Often we need only ask: “Is this the best question I can ask about this dilemma right now?   What would be a better one?”

 

If we don’t ask the right question, then we can spend an awful lot of time on a quest that does not lead to our desired destination.  This is the sunk-cost fallacy in psychology, when we spend a disappointing amount of time and resources investing in something that does not ultimately lead to the outcome we want.

 

So when we find ourselves facing a dilemma or an undesirable circumstance, or waking up to a life we never sought nor wanted.  We might benefit from thinking of the current situation as a starting point.  We will stay stuck in that RUT unless we can mindfully craft the right question, which is really to say: what sort of quest must I go on in order to get to a better place?

 

Often that better place is a better state of mind.  This can be a very difficult concept to wrap a mind around.  We think of our brains and our bodies as static entities, which severely hinders the idea of radical change.  Fortunately we suffer from a heavy dose of myopia when it comes to this subject.  Over the course of a long enough time scale, we change, whether we like it or not.  Whether we direct it or not.  And this can be a powerful REALIZATION; one that opens us up to conscious direction.  A direction that we can choose.

 

Just as an archer uses both bow and arrow to achieve movement in a certain direction, this REALIZATION is an opportunity, just as there is always potential energy stored inside of a bow.  If we can hunt around for the right question, with the right destination in mind, then it becomes a simple matter of practicing our flawed execution and improving as we ITERATE in order to hit the mark and end up where we dream of going.

 

Just as asking the wrong question can set us on a quest to the wrong place,

 

we are perpetually – always – on a quest to find a better question, a better quest that will lead to a better life.

 

 

This episode references Episode 30: The Only Tool, Episode 124: Realization and Episode 121: Iterate

 

 







ENDLESS WAYS

August 20th, 2018

Often when we express an idea or statement, we feel we’ve nailed it.  And when someone does not understand, we find it mind boggling.

 

“How can they not understand!?  I said it so clearly!”

 

(Strangely, we think repeating the exact same words will do the trick.)

 

The feeling of expression is the culprit.

 

But we can take it one step further.  We can remind ourselves that there are endless ways to express an idea, an opinion, a feeling, a concern.

 

These different ways of expressing an idea, opinion, etc. are merely different perspectives on the same given topic. 

 

As though the topic were in the center of a vast circle.  Every point on that circle is a different perspective.  A different way of looking at the same thing.

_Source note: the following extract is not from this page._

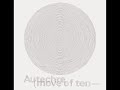 Autechre- nth Dafuseder.b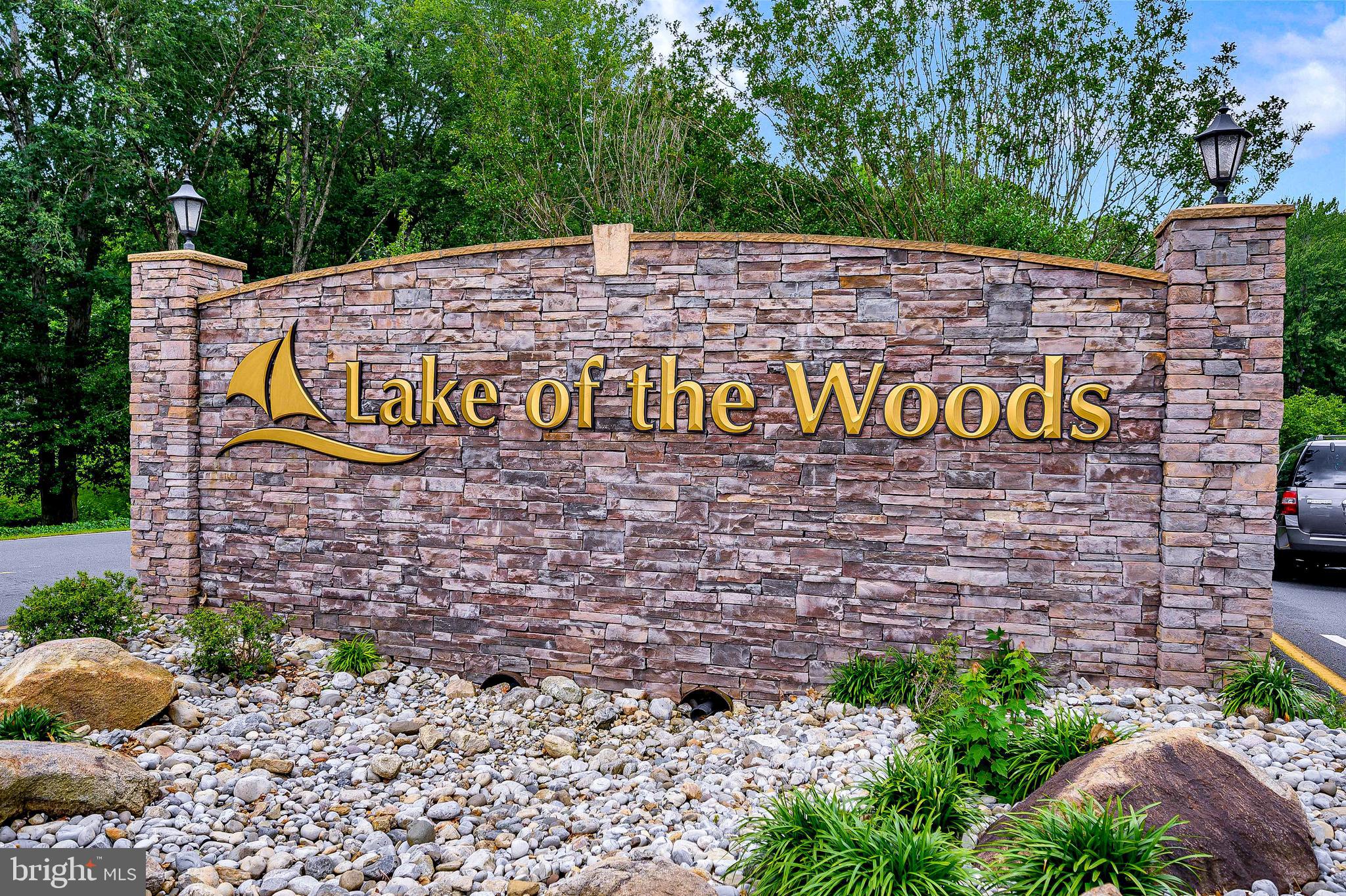 216 BATTLEFIELD ROAD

A different angle, a different set of details.

 

This subject is fussed about a lot with interpersonal skills:  telling a subordinate that they need to improve, talking to a boss about a colleague, expressing frustration to a partner..

 

But what about the things we say to ourselves?

 

Self-talk is a real thing.  We all do it.

 

But have we thoroughly sussed out all the better ways we can talk to our selves?

 

Colleagues, bosses, subordinates, friends, family, spouses…. we connect with them and progress if we take the time to phrase things with more thoughtfulness.

 

Might we progress faster and more efficiently if we devote some time to the endless ways we can speak to ourselves?